If you’re in a meeting or on a first date, your external sphincter stays clenched. You consciously override the signal, and the gas stays put until you choose to let it go.

Why Farts Make Noise

The sound comes from vibration. As pressurized gas passes through the tight opening of the anal sphincter, it causes the surrounding skin to vibrate, much like how buzzing your lips into a trumpet mouthpiece creates sound. The pitch and volume depend on several factors: how fast the gas is moving, how tightly the sphincter is contracted, and the physical size of the opening. A large volume of gas escaping quickly through a tense sphincter produces a louder, higher-pitched sound. A slow, relaxed release is quieter or silent. Larger bodies tend to produce lower-pitched sounds because the vibrating tissue is thicker.

What Happens If You Hold It In

Holding in a fart doesn’t cause any real harm, but it does take a detour. Gas that isn’t released through the usual exit gets reabsorbed into your bloodstream through the intestinal wall. From there, it travels to your lungs and is quietly exhaled with your breath. In the meantime, the trapped gas can stretch your intestinal walls, causing bloating, discomfort, or nausea. The pressure eventually resolves one way or another, whether you release the gas later, absorb it, or breathe it out without ever knowing.

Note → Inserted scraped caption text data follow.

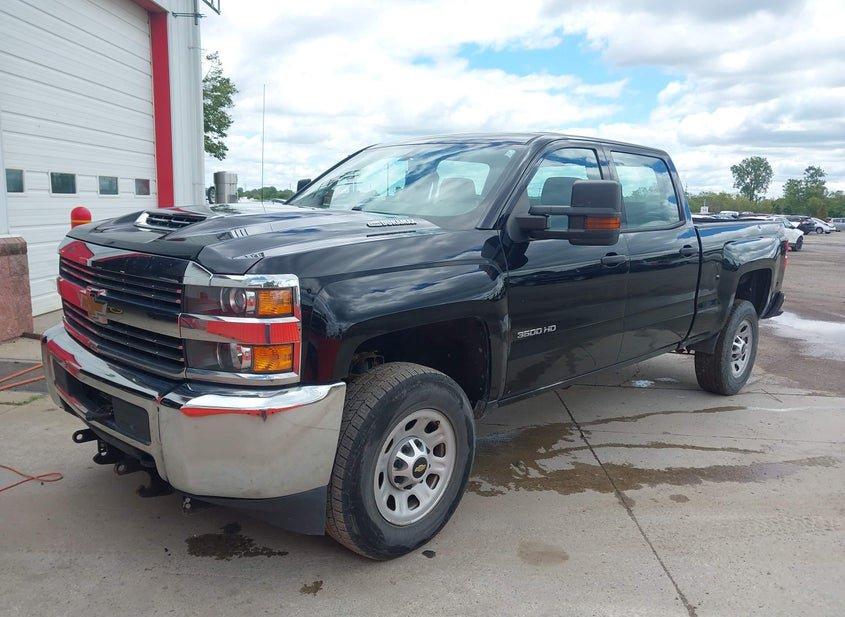 Chevrolet Silverado 3500Hd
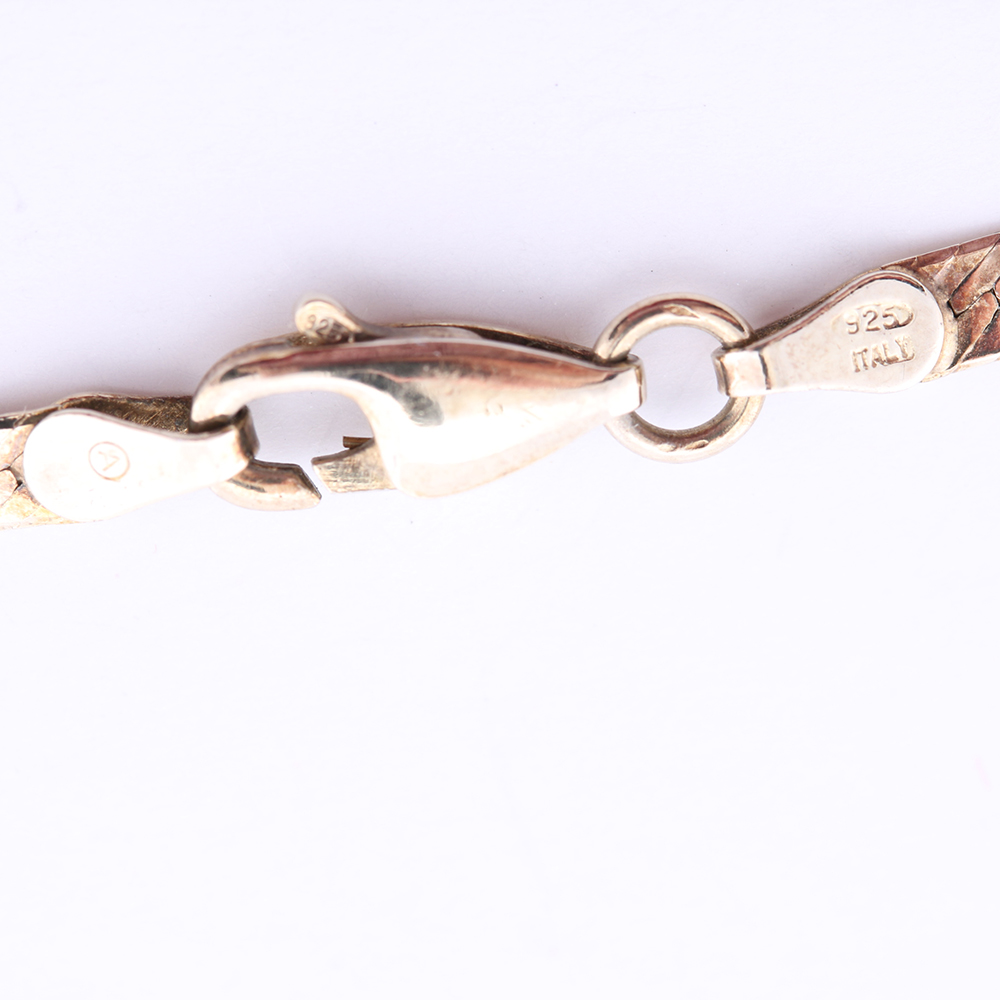 Sterling Silver Jewelry with Gemstones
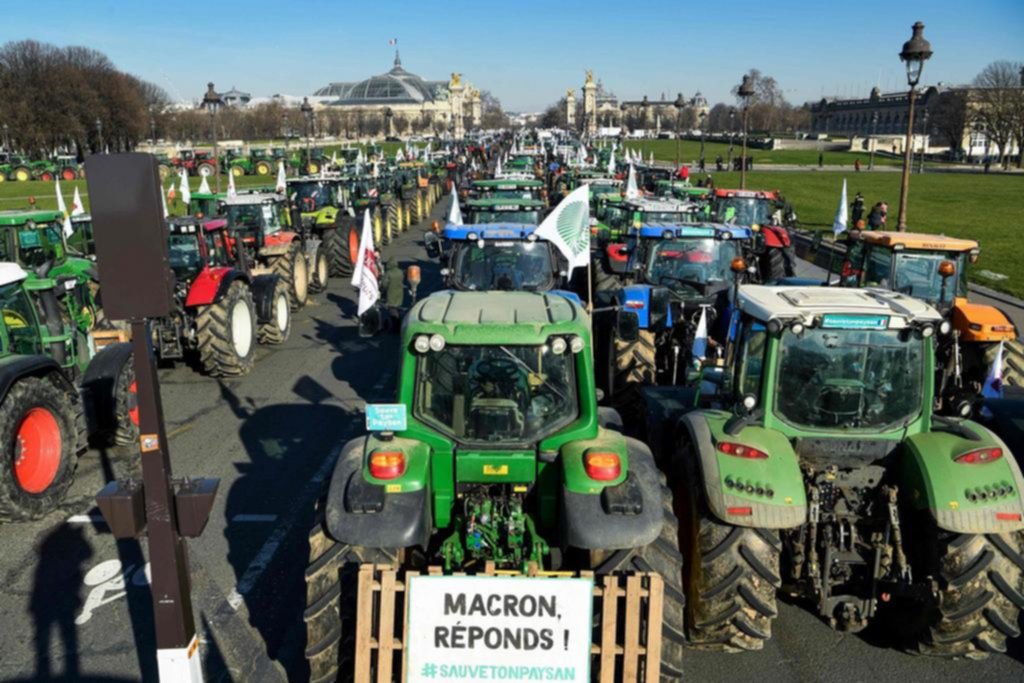 Surge el populismo del campo en una Europa que se debate entre producción y ambiente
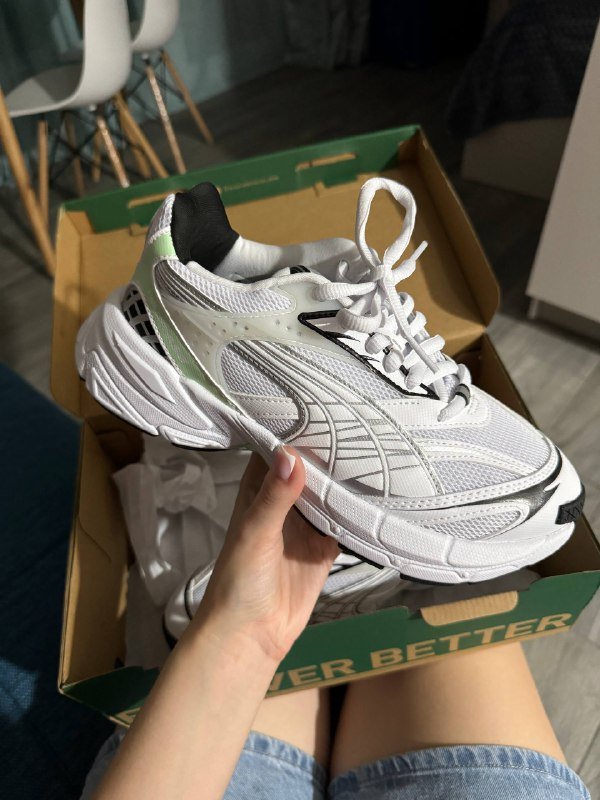 Кроссовки Puma Velophasis размер 38,5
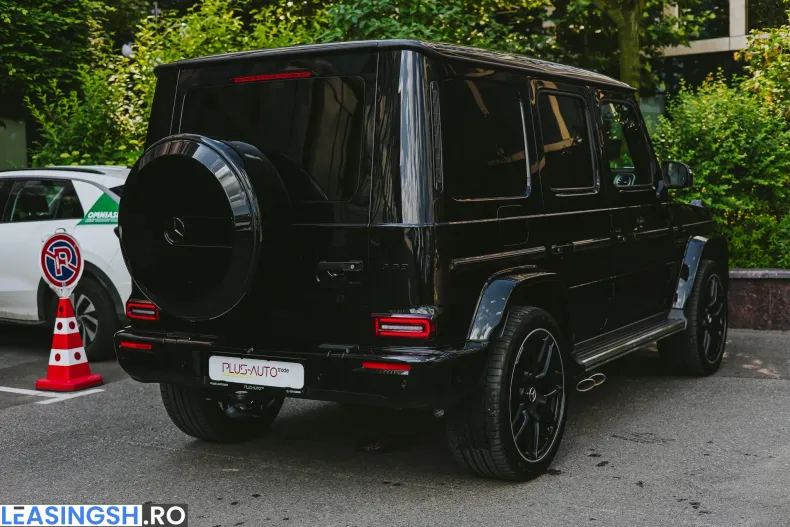 Mercedes-Benz G (Clasa G) din 2024 cu 34.000 km - oferta MER219820 - foto 7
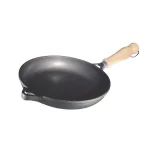 Berndes Tradition 10 in. Cast Aluminum Nonstick Frying Pan, Gray thumbnail 1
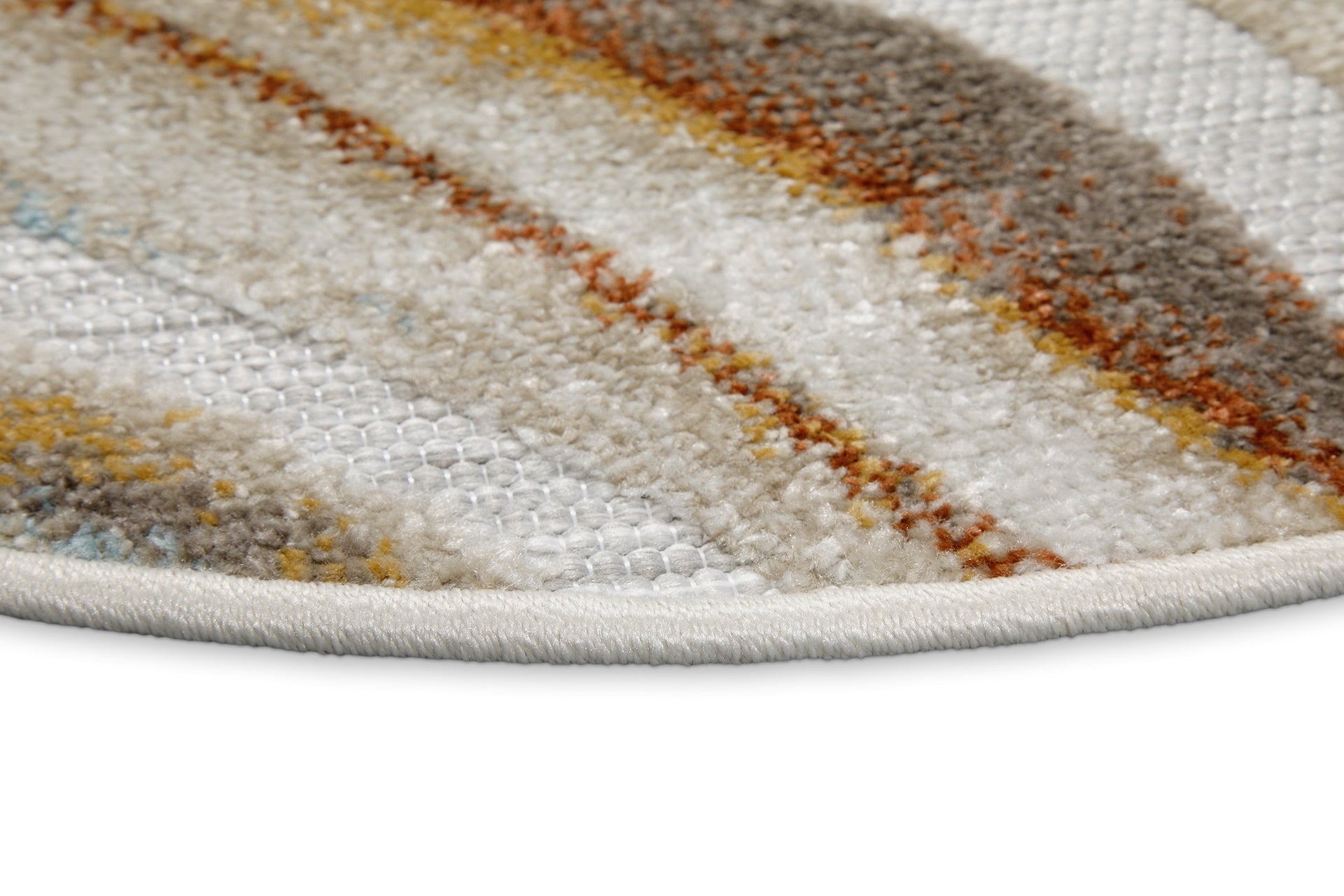 weconhome-creek-in-outdoor-teppich-rund-beige-bunt image 5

Foods That Increase Gas Production

Certain carbohydrates are poorly absorbed in the small intestine and arrive in the colon ready to be fermented. Nutritional science groups these under the term FODMAPs, a category of short-chain sugars found in a wide range of everyday foods. The major culprits include:

  • Fructans and GOS: found in wheat, rye, onions, garlic, and legumes like beans and lentils
  • Lactose: found in milk, soft cheeses, and yogurt
  • Excess fructose: found in honey, apples, and high-fructose corn syrup
  • Sugar alcohols (sorbitol and mannitol): found in some fruits, vegetables, and sugar-free gum or candy

When gut bacteria ferment these sugars, gas is the direct byproduct. This is why a bowl of bean chili or a large glass of milk can leave you noticeably gassier a few hours later. People vary in how well they absorb each type of carbohydrate, which is why the same meal can affect two people very differently.

When Excess Gas Signals Something Else

Farting 25 times a day falls within the normal range, and even exceeding that number isn’t automatically a concern. But a significant, sustained increase in gas, especially paired with other symptoms, can point to an underlying issue. Celiac disease, for instance, causes the small intestine to react to gluten and produces symptoms like diarrhea, weight loss, bloating, and increased gas. Irritable bowel syndrome, particularly the diarrhea-predominant type, is another common cause of chronic gassiness.

Symptoms worth paying attention to include unexplained weight loss, fever, blood in your stool, unusually severe pain, or a sudden change in your digestive patterns that doesn’t resolve. Worsening bloating and gas can also signal pelvic floor dysfunction, where the muscles responsible for coordinating bowel movements stop working together properly. For most people, though, gas is simply evidence that your gut bacteria are doing their job.